A month later this was followed by an example bearing the English Flag which went to a woman in Essex for £3.07 and a Scottish version which went to Germany for £2.70.

Next, in July 2013, a further example with an England flag sold to a man in Surrey for £4.45, while another buyer in England’s North-east snapped up a second example I’d found with a George Cross when this was offered for £4.25 as a second chance as he’d narrowly lost in the auction.

Later, in October 2013, a man from Oxfordshire bought another “Scottish” example I had for £2.70 followed by a buyer in Yorkshire who paid £4.30 for a Welsh variety in November.

The year ended with the sale of an English example to a buyer in Tyne and Wear for £3.70 and, finally, a previous Scottish example sold to a man in Berkshire for £3.80 in June 2014.

So I have reason to be confident the first Manchester Games £2 coin I have seen in almost a year will sell for more than face value.

Similarly, my track record of selling coins from the Isle of Man makes me confident the second coin of note I found in my change that day will also sell for a profit.

It is a distinctive 1999 example of the island’s Manx Rally 20 pence coin.

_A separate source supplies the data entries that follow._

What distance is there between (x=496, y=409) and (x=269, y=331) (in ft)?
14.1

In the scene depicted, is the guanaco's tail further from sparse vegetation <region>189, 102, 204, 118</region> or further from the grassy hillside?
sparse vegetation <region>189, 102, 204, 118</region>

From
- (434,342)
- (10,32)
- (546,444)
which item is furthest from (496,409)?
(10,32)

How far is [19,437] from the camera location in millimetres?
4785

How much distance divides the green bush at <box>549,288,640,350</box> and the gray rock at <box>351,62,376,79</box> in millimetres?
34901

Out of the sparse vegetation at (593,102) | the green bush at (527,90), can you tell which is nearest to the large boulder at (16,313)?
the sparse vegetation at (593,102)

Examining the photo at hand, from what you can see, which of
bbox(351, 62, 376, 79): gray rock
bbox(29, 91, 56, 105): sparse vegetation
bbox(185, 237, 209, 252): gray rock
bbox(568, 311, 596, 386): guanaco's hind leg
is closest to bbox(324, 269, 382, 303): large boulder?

This series of coins bears dramatic images of vehicles taking part in one of the motor races for which the island has become famous.

As these were released for use on the Isle of Man itself (although they are legal tender in the est of the UK) these were produced in far smaller quantities than those released for use in the UK as a whole. While the 73.5 million 20p coins released by the Royal Mint for use in the UK was one of the smallest runs of recent years, the Pobjoy Mint in Essex produced only a few thousand copies of this coin for the Isle of Man.

A Subaru Impreza holds off the Ford Cosworth's challenge.
A Subaru Impreza holds off the Ford Cosworth’s challenge.

In addition to their relative scarcity, I found another reason why some coins issued by the Isle of Man were sought after; in April 2013 I sold a 20p coin with a combine harvester to a farmer near Swansea for ten times its face value, another 20p which featured a monk illuminating a text which went for five times face value and another with a historic clock for six times.

Further internet research revealed that the cars shown on the coin I found recently were a Subaru Impreza ahead of a Ford Escort Cosworth on a bend in the course of the Manx Rally. Next was a check on eBay to see what examples of this coin had sold for and I was impressed to see those sold using the collectable coin categories I normally use sold for between 10 and 50 times their face value but that those offered directly to enthusiasts of the two car makes featured can sell for significantly more.

To add to my anticipation, I was pleased this week when eBay made another of its occasional offers of 100 free listings so I will immediately have the chance to test my confidence that these two latest coins I have acquired can be sold for a swift profit.